ID 266

Direct Numerical Simulations of One- and Two-component Droplet Wall-Film Interactions within the Crown-type Splashing Regime

 

Abstract:

The scenario of an impacting droplet onto a wall-film is highly relevant in many technical systems. In combustion engines, for example, the interaction of fuel drops with oil wall-films can alter the pollutant emissions. In order to make reliable predictions for these systems, it is of crucial importance to gain a deeper insight into the underlying fluid dynamic processes of the observed phenomena. This however, can be difficult to achieve experimentally. For this reason, we investigate one- and two-component droplet wall-film interactions within the crown-type splashing regime by means of direct numerical simulation and present a comparison with experimental data. The simulations were performed with the multiphase code Free Surface 3D (FS3D), which is based on the Volume-of-Fluid (VOF) method and uses the Piece-wise Linear Interface Calculation (PLIC) method to reconstruct the interface. To distinguish between different liquids, additional VOF variables are introduced representing the volume fractions of each species within the liquid phase. The selected liquids are miscible and exhibit a significant viscosity ratio, but a similar density and surface tension.
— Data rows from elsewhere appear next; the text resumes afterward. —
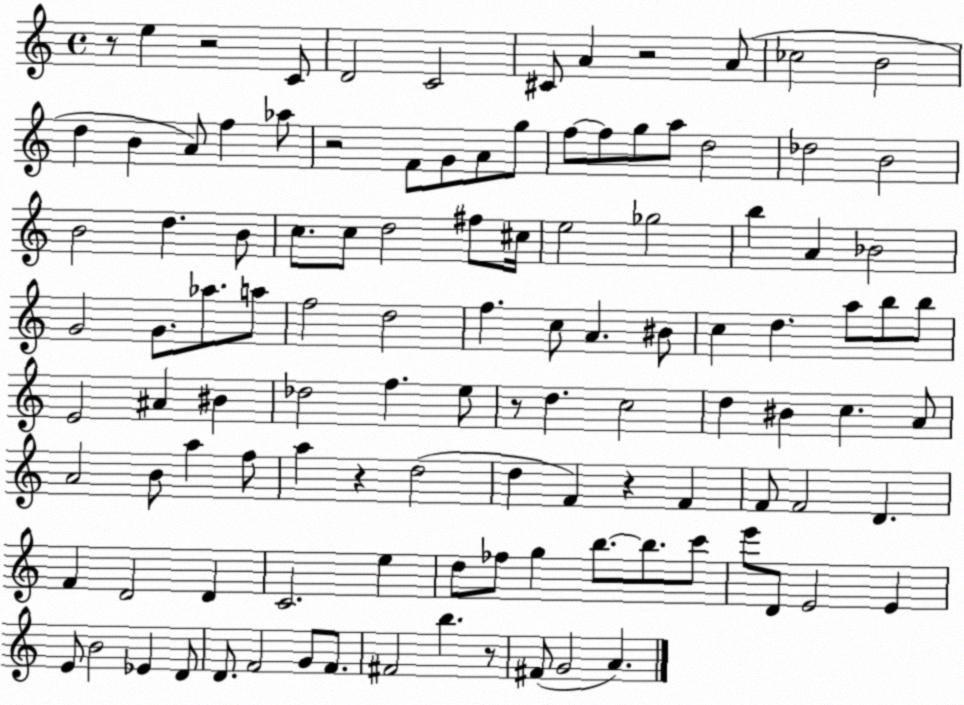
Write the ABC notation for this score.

X:1
T:Untitled
M:4/4
L:1/4
K:C
z/2 e z2 C/2 D2 C2 ^C/2 A z2 A/2 _c2 B2 d B A/2 f _a/2 z2 F/2 G/2 A/2 g/2 f/2 f/2 g/2 a/2 d2 _d2 B2 B2 d B/2 c/2 c/2 d2 ^f/2 ^c/4 e2 _g2 b A _B2 G2 G/2 _a/2 a/2 f2 d2 f c/2 A ^B/2 c d a/2 b/2 b/2 E2 ^A ^B _d2 f e/2 z/2 d c2 d ^B c A/2 A2 B/2 a f/2 a z d2 d F z F F/2 F2 D F D2 D C2 e d/2 _f/2 g b/2 b/2 c'/2 e'/2 D/2 E2 E E/2 B2 _E D/2 D/2 F2 G/2 F/2 ^F2 b z/2 ^F/2 G2 A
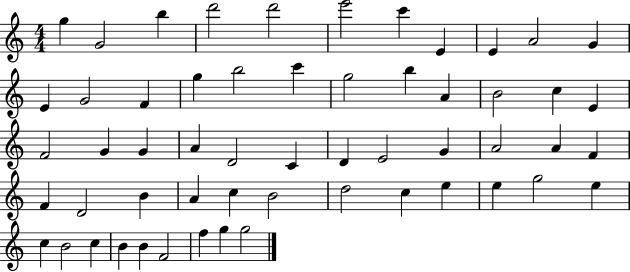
{
  \clef treble
  \numericTimeSignature
  \time 4/4
  \key c \major
  g''4 g'2 b''4 | d'''2 d'''2 | e'''2 c'''4 e'4 | e'4 a'2 g'4 | \break e'4 g'2 f'4 | g''4 b''2 c'''4 | g''2 b''4 a'4 | b'2 c''4 e'4 | \break f'2 g'4 g'4 | a'4 d'2 c'4 | d'4 e'2 g'4 | a'2 a'4 f'4 | \break f'4 d'2 b'4 | a'4 c''4 b'2 | d''2 c''4 e''4 | e''4 g''2 e''4 | \break c''4 b'2 c''4 | b'4 b'4 f'2 | f''4 g''4 g''2 | \bar "|."
}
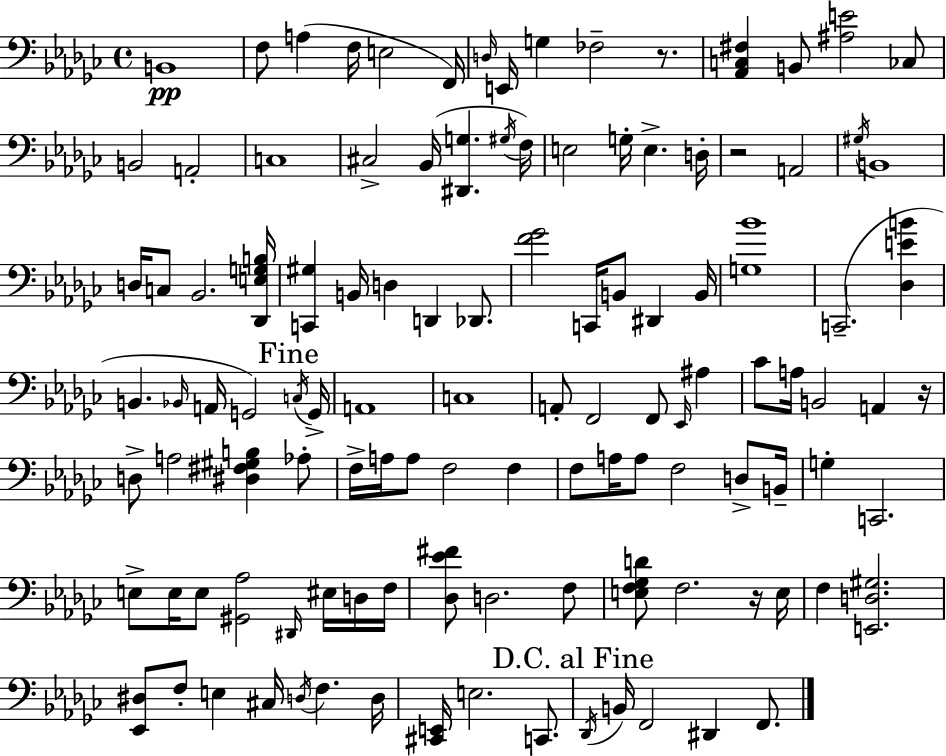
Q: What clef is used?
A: bass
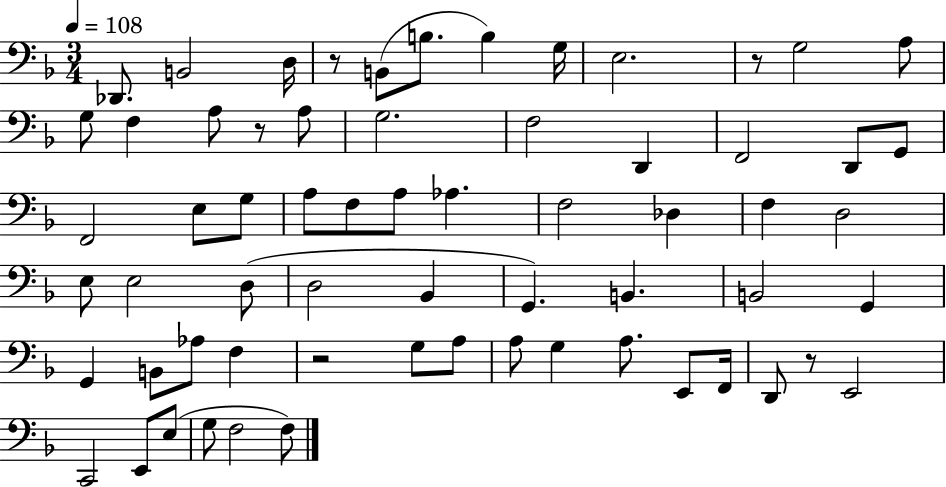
Db2/e. B2/h D3/s R/e B2/e B3/e. B3/q G3/s E3/h. R/e G3/h A3/e G3/e F3/q A3/e R/e A3/e G3/h. F3/h D2/q F2/h D2/e G2/e F2/h E3/e G3/e A3/e F3/e A3/e Ab3/q. F3/h Db3/q F3/q D3/h E3/e E3/h D3/e D3/h Bb2/q G2/q. B2/q. B2/h G2/q G2/q B2/e Ab3/e F3/q R/h G3/e A3/e A3/e G3/q A3/e. E2/e F2/s D2/e R/e E2/h C2/h E2/e E3/e G3/e F3/h F3/e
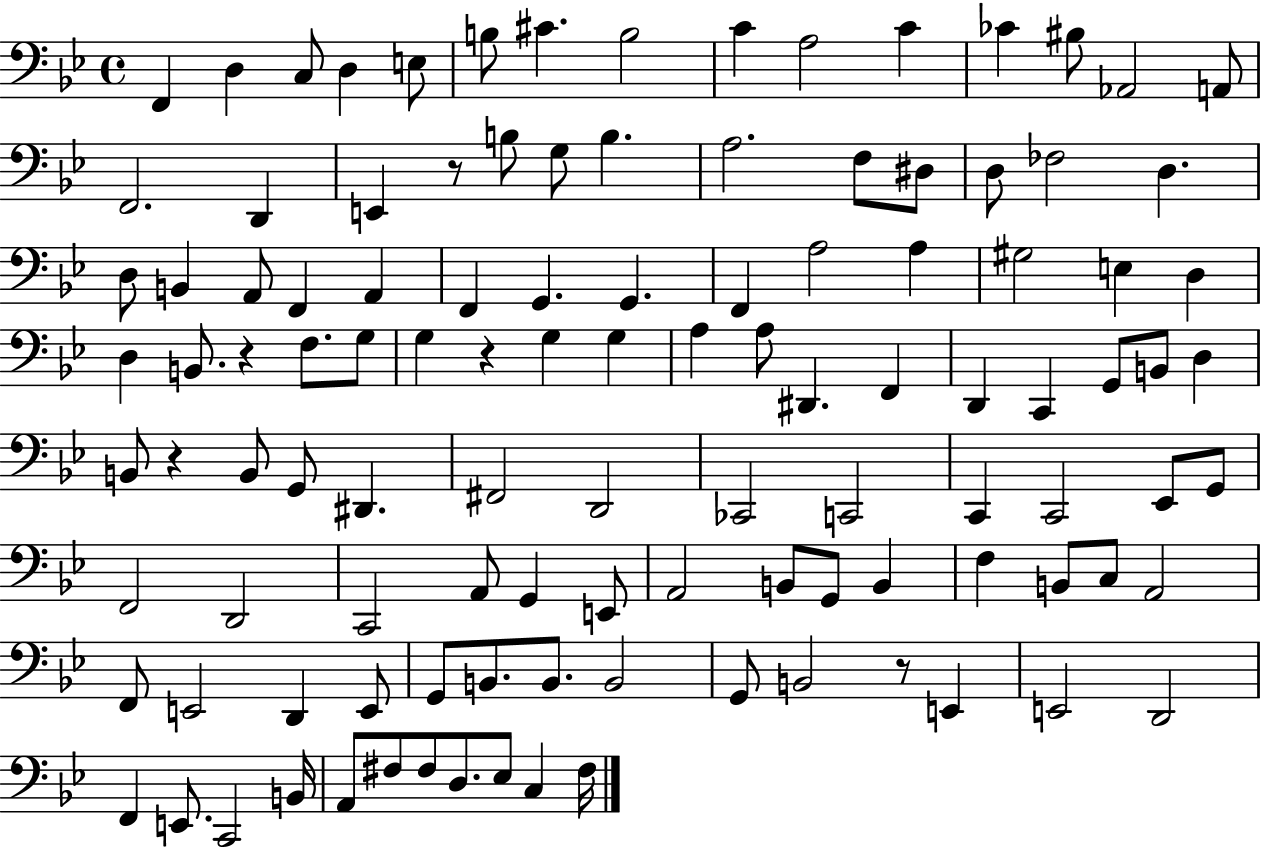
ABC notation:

X:1
T:Untitled
M:4/4
L:1/4
K:Bb
F,, D, C,/2 D, E,/2 B,/2 ^C B,2 C A,2 C _C ^B,/2 _A,,2 A,,/2 F,,2 D,, E,, z/2 B,/2 G,/2 B, A,2 F,/2 ^D,/2 D,/2 _F,2 D, D,/2 B,, A,,/2 F,, A,, F,, G,, G,, F,, A,2 A, ^G,2 E, D, D, B,,/2 z F,/2 G,/2 G, z G, G, A, A,/2 ^D,, F,, D,, C,, G,,/2 B,,/2 D, B,,/2 z B,,/2 G,,/2 ^D,, ^F,,2 D,,2 _C,,2 C,,2 C,, C,,2 _E,,/2 G,,/2 F,,2 D,,2 C,,2 A,,/2 G,, E,,/2 A,,2 B,,/2 G,,/2 B,, F, B,,/2 C,/2 A,,2 F,,/2 E,,2 D,, E,,/2 G,,/2 B,,/2 B,,/2 B,,2 G,,/2 B,,2 z/2 E,, E,,2 D,,2 F,, E,,/2 C,,2 B,,/4 A,,/2 ^F,/2 ^F,/2 D,/2 _E,/2 C, ^F,/4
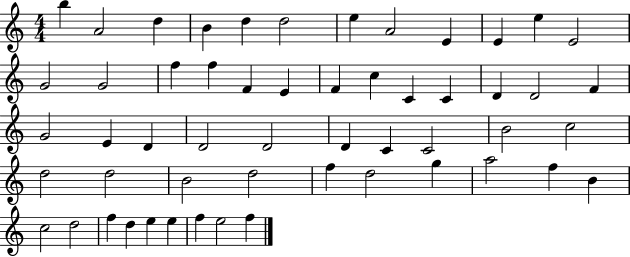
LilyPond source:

{
  \clef treble
  \numericTimeSignature
  \time 4/4
  \key c \major
  b''4 a'2 d''4 | b'4 d''4 d''2 | e''4 a'2 e'4 | e'4 e''4 e'2 | \break g'2 g'2 | f''4 f''4 f'4 e'4 | f'4 c''4 c'4 c'4 | d'4 d'2 f'4 | \break g'2 e'4 d'4 | d'2 d'2 | d'4 c'4 c'2 | b'2 c''2 | \break d''2 d''2 | b'2 d''2 | f''4 d''2 g''4 | a''2 f''4 b'4 | \break c''2 d''2 | f''4 d''4 e''4 e''4 | f''4 e''2 f''4 | \bar "|."
}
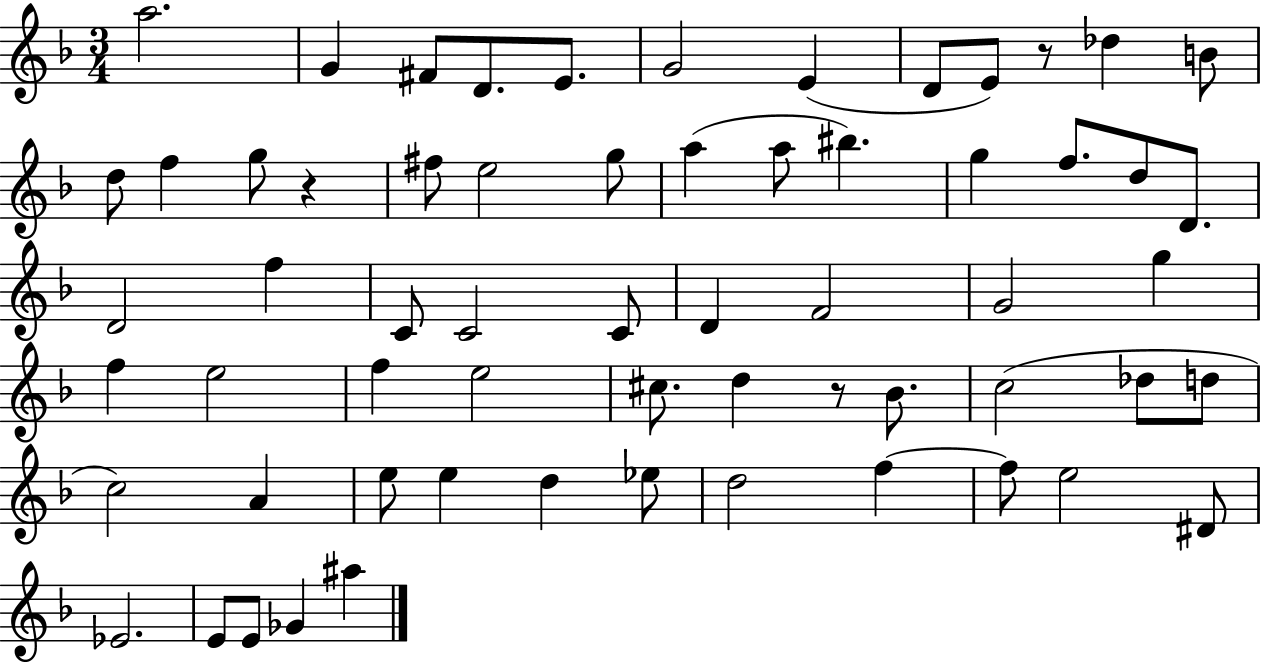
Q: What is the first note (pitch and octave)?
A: A5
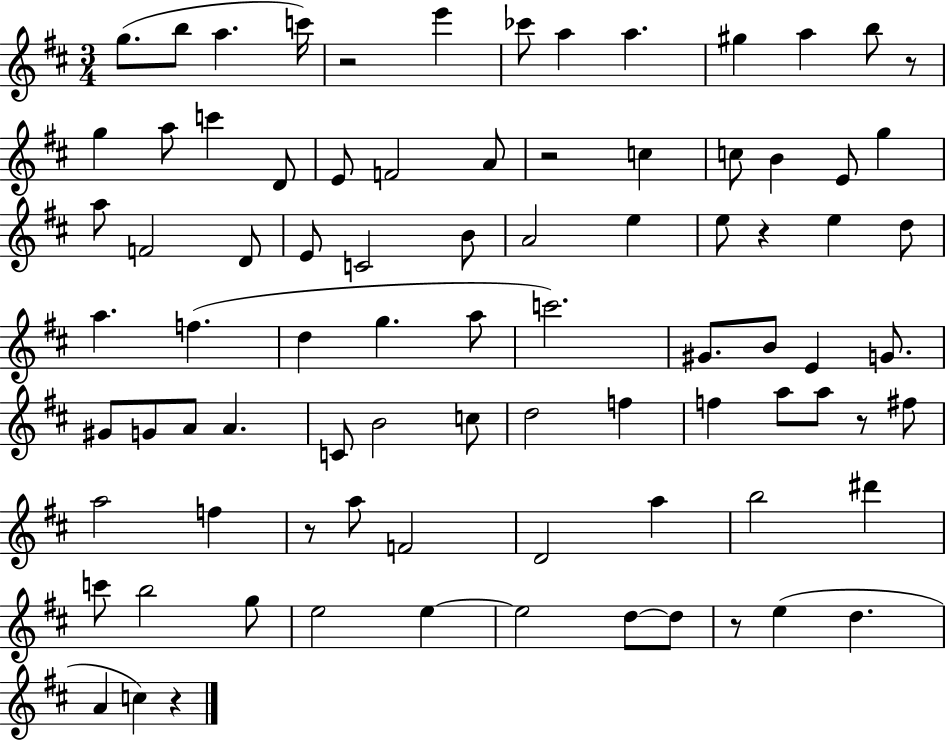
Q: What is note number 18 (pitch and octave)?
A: A4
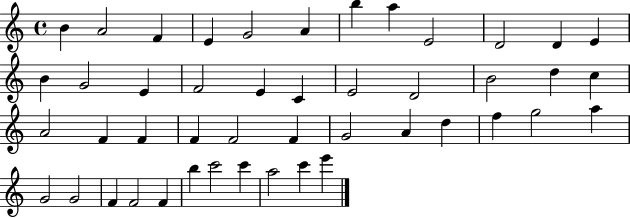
B4/q A4/h F4/q E4/q G4/h A4/q B5/q A5/q E4/h D4/h D4/q E4/q B4/q G4/h E4/q F4/h E4/q C4/q E4/h D4/h B4/h D5/q C5/q A4/h F4/q F4/q F4/q F4/h F4/q G4/h A4/q D5/q F5/q G5/h A5/q G4/h G4/h F4/q F4/h F4/q B5/q C6/h C6/q A5/h C6/q E6/q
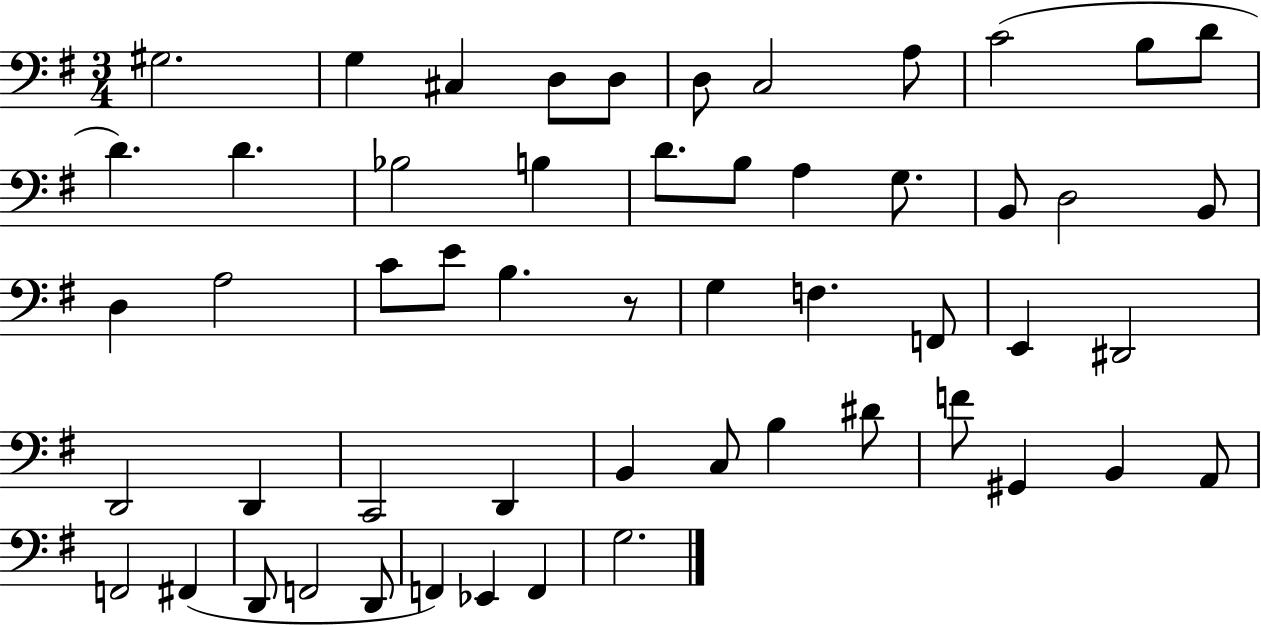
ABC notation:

X:1
T:Untitled
M:3/4
L:1/4
K:G
^G,2 G, ^C, D,/2 D,/2 D,/2 C,2 A,/2 C2 B,/2 D/2 D D _B,2 B, D/2 B,/2 A, G,/2 B,,/2 D,2 B,,/2 D, A,2 C/2 E/2 B, z/2 G, F, F,,/2 E,, ^D,,2 D,,2 D,, C,,2 D,, B,, C,/2 B, ^D/2 F/2 ^G,, B,, A,,/2 F,,2 ^F,, D,,/2 F,,2 D,,/2 F,, _E,, F,, G,2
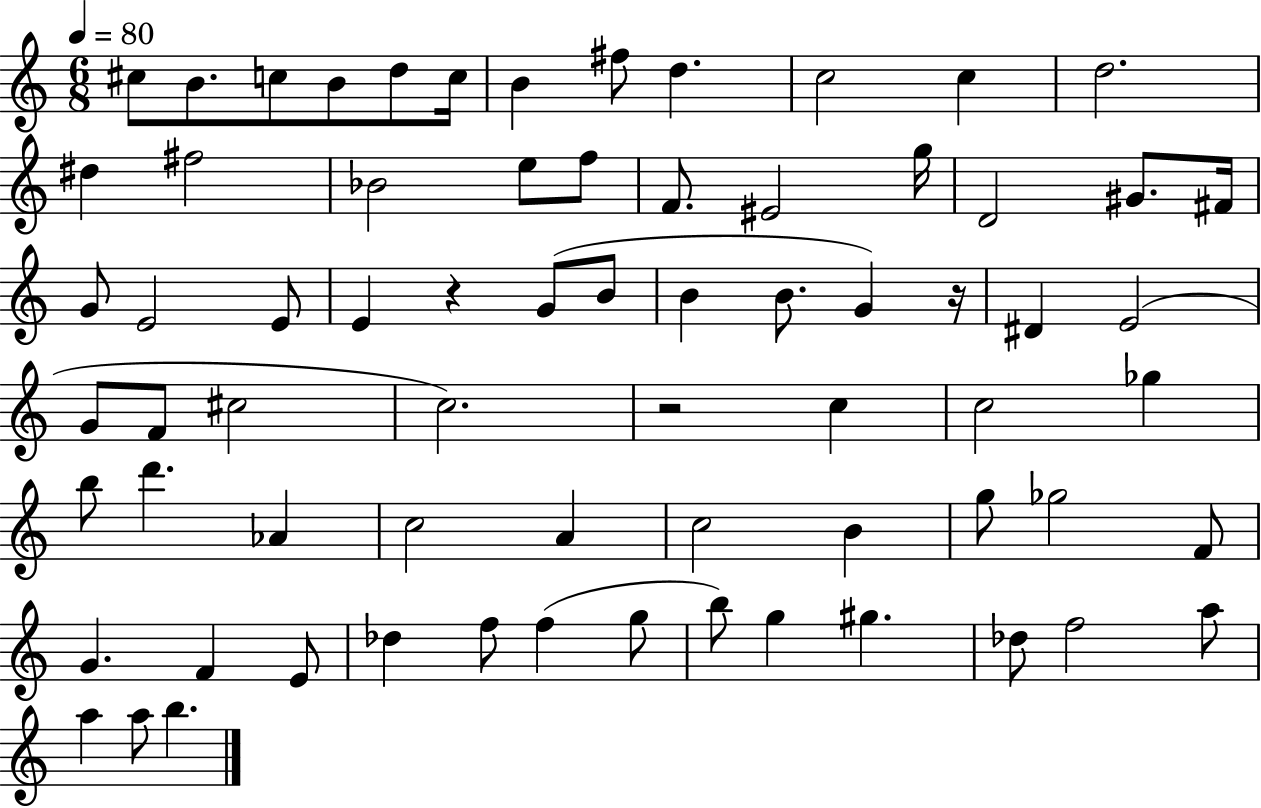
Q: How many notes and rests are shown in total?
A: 70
For the comparison with experimental data, the overall splashing morphology as well as the temporal evolution of selected crown parameters, such as crown height and crown angle are evaluated. The obtained results show that the impact morphology of both one- and two-component droplet wall-film interactions can be well reproduced. In addition, all evaluated crown parameters are in good agreement. With this positive validation, we are able to use numerical simulations with FS3D to gain a better understanding of the underlying fluid dynamic processes.